§ **Work to be completed**: The entries are to be printed again word for word, but no picture may appear.

§ **Extracted records**:

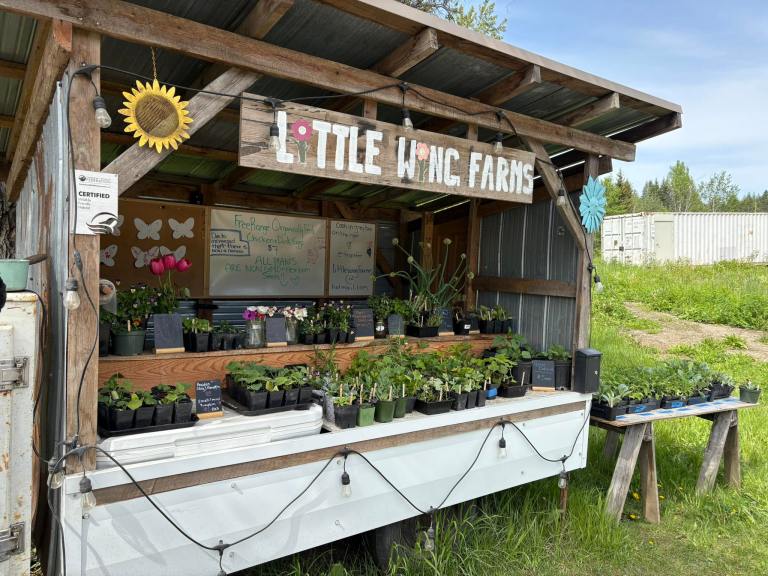 Salmon Arm farmer maps trail of farm stands in Okanagan and Shuswap | iNwine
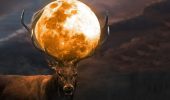 Superluna del Cervo di luglio, spettacolo del 2022: quando vederla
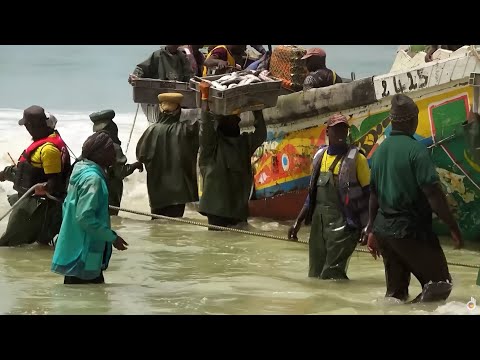 Mauritania, the Conveyors of the Desert | Deadliest Journeys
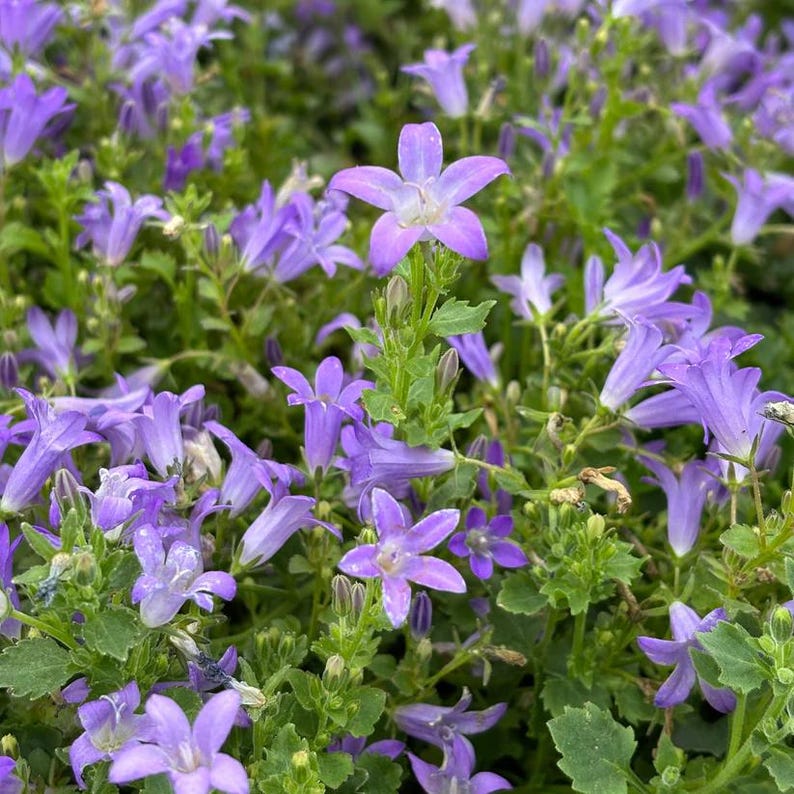 Wall Bellflower Live Plant 3.5" Pot - Dalmatian Bellflower (Campanula portenschlagiana) - Hardy Perennial for Full Sun Zones 4-8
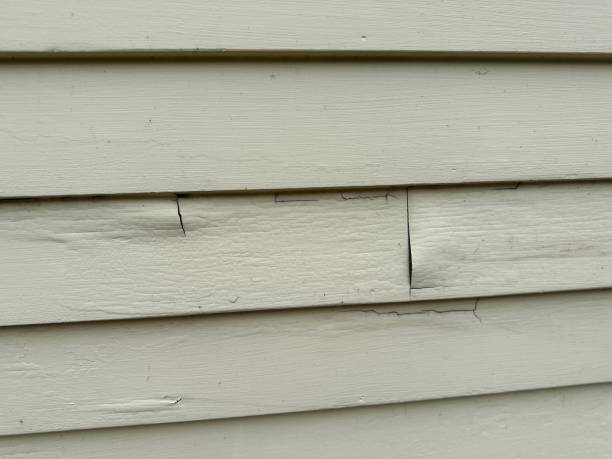 Best Stucco Siding  in Clarksville, IN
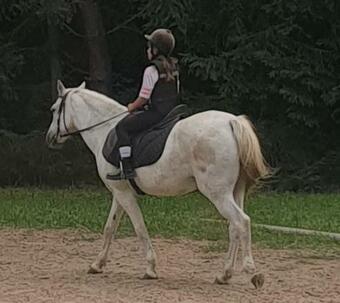 Domek Letniskowy I?y K/urli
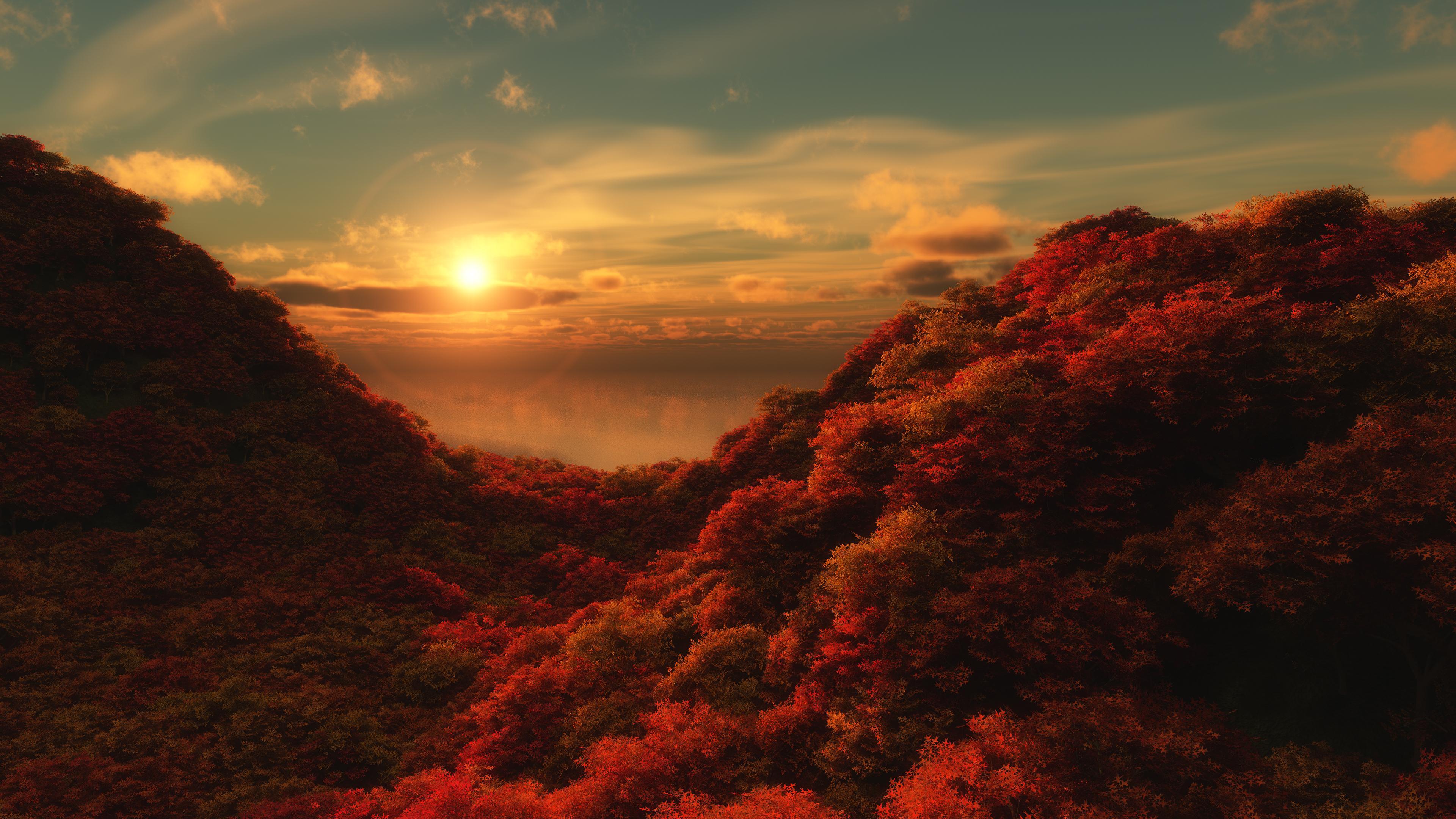 3840x2160 Sun shining on the red forest HD desktop wallpaper : Widescreen : High Definition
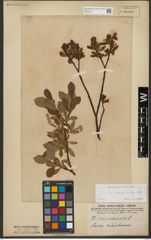 Foto von Salix waldsteiniana Willd.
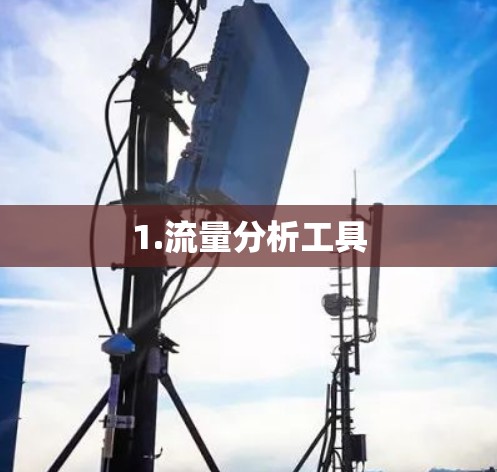 1.流量分析工具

§ **Answer to this exercise**:
 Salmon Arm farmer maps trail of farm stands in Okanagan and Shuswap | iNwine
 Superluna del Cervo di luglio, spettacolo del 2022: quando vederla
 Mauritania, the Conveyors of the Desert | Deadliest Journeys
 Wall Bellflower Live Plant 3.5" Pot - Dalmatian Bellflower (Campanula portenschlagiana) - Hardy Perennial for Full Sun Zones 4-8
 Best Stucco Siding  in Clarksville, IN
 Domek Letniskowy I?y K/urli
 3840x2160 Sun shining on the red forest HD desktop wallpaper : Widescreen : High Definition
 Foto von Salix waldsteiniana Willd.
 1.流量分析工具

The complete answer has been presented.